[[ Supplied material open ]]

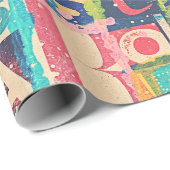 Collage Wrapping- of lospaginapapier Cadeaupapier (Rol Hoek)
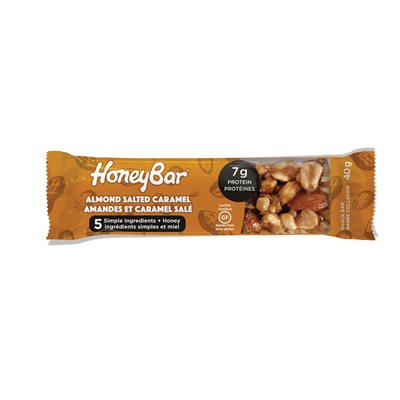 Honeybar Barre amandes et caramel salé Honeybar Barre amandes et caramel salé
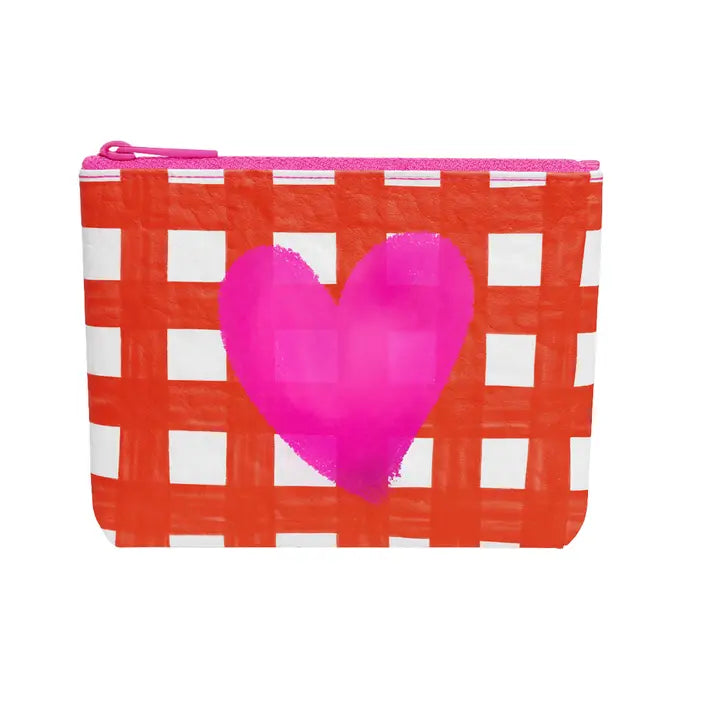 Valentines Heart Makeup Pouch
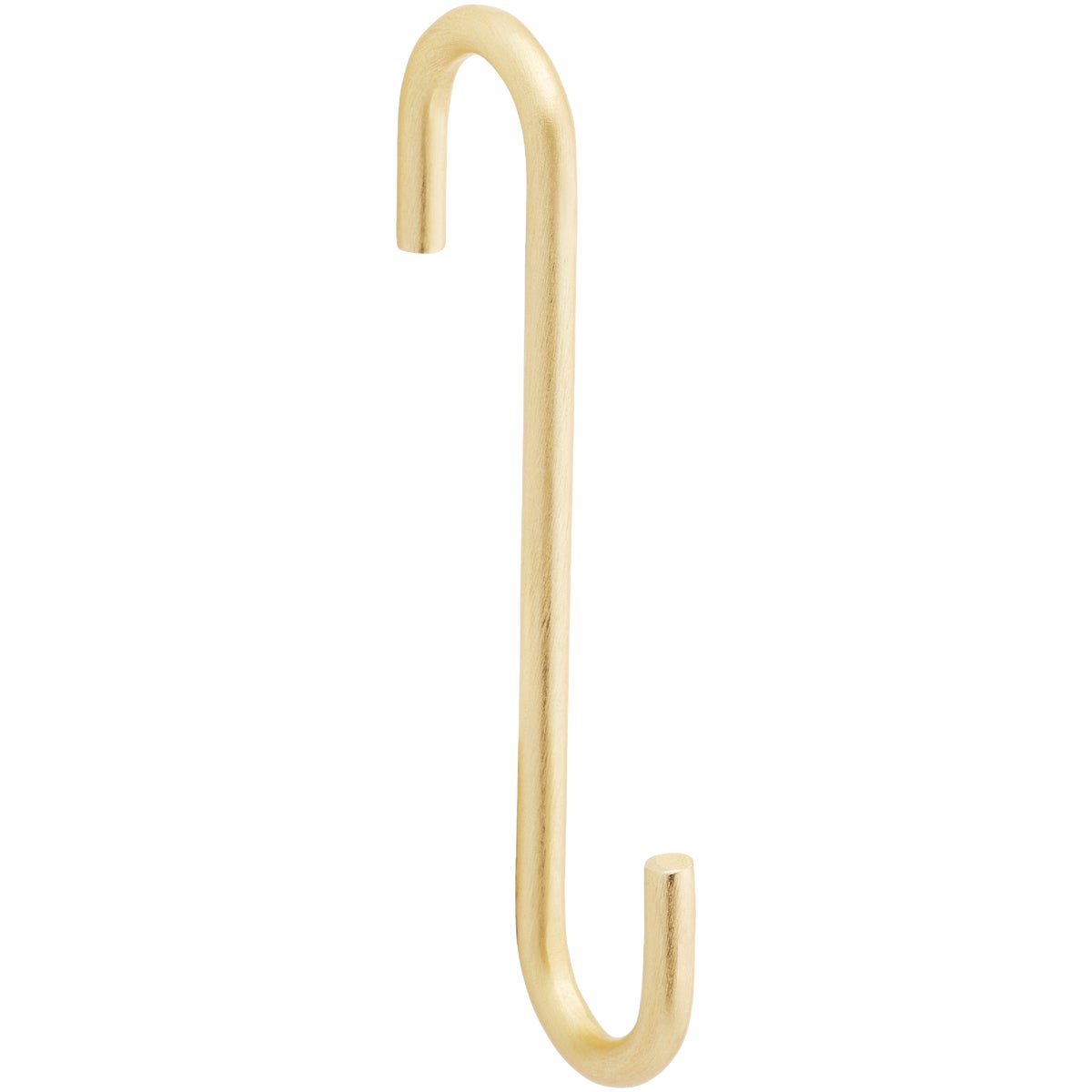 National 2648 4-3/4 In. Brushed Gold Steel Modern Small S-Hook Plant Hanger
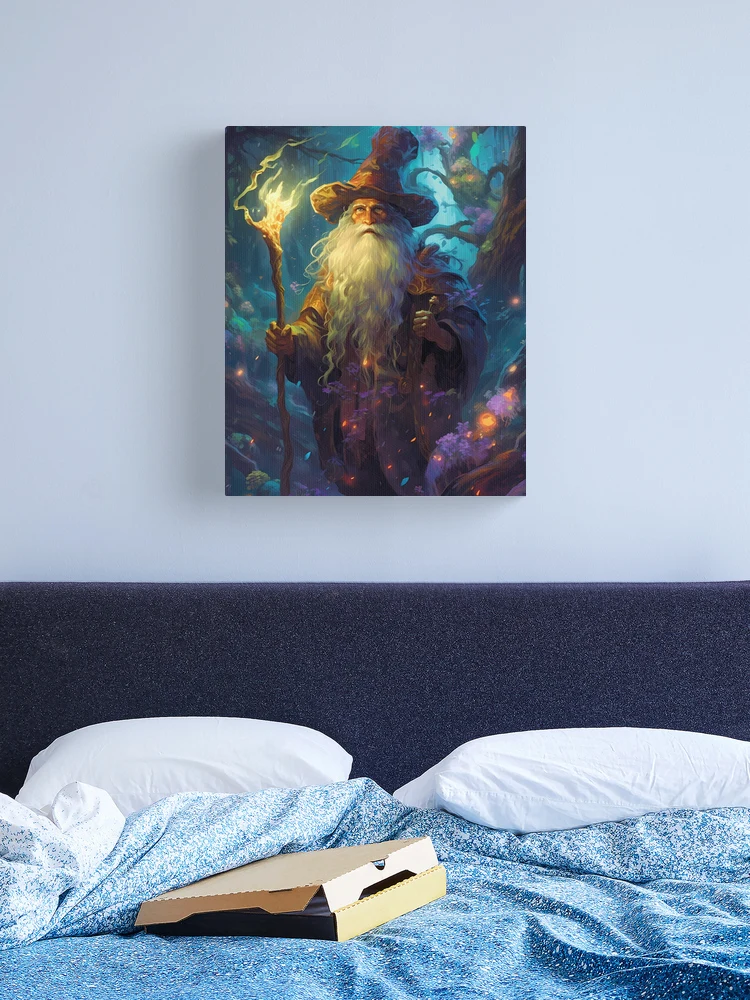 The Wizard Septimus Stretched Canvas Print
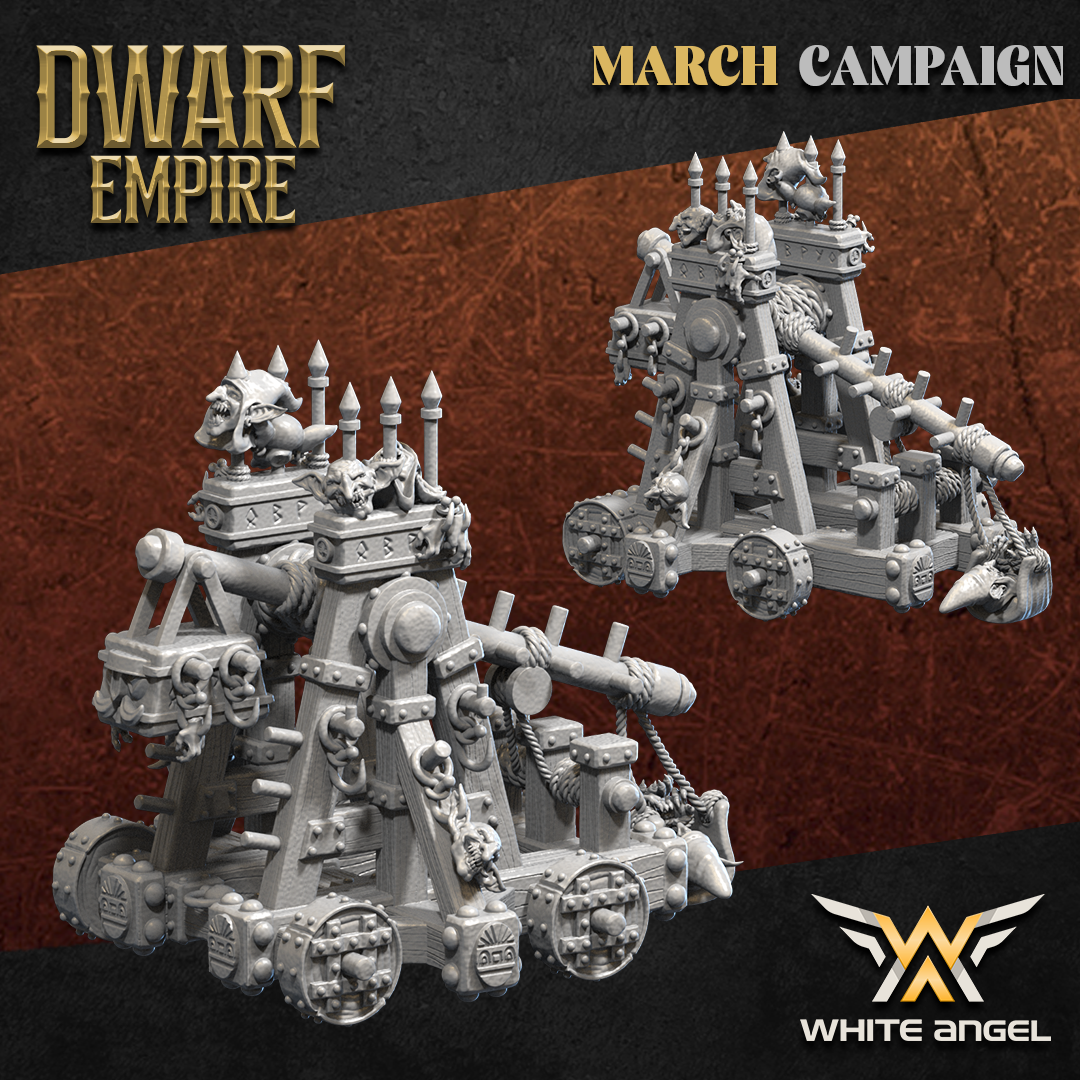 Goblin Fun Catapult  | Dwarf Empire | White Angel Miniatures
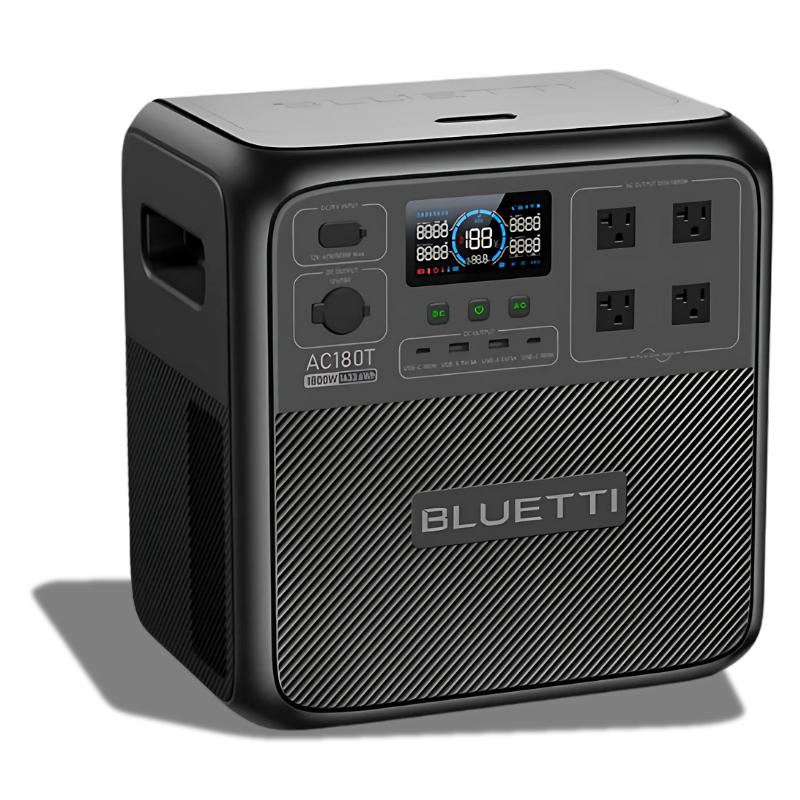 BLUETTI AC180T Portable Power Station | 1,800W, 1433Wh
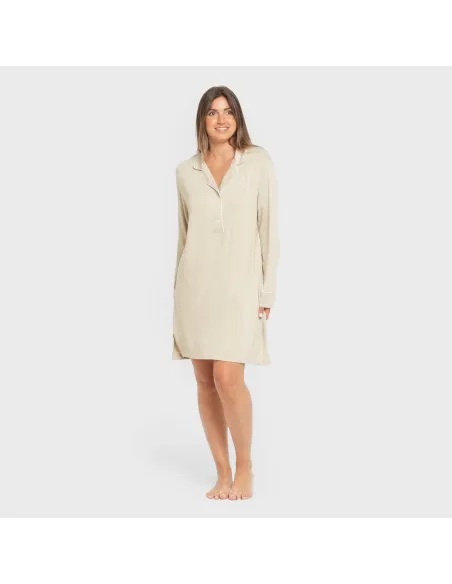 Camisola camisera viscose ponto mulher vestidos-mulher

[[ Supplied material closed ]]

▶ Requirement
The expected output is an exact copy of the lines from the one with "Goblin Fun Catapult" to the final line of the entries above, pictures excepted; please include both ends.

▶ Output of the task
 Goblin Fun Catapult  | Dwarf Empire | White Angel Miniatures
 BLUETTI AC180T Portable Power Station | 1,800W, 1433Wh
 Camisola camisera viscose ponto mulher vestidos-mulher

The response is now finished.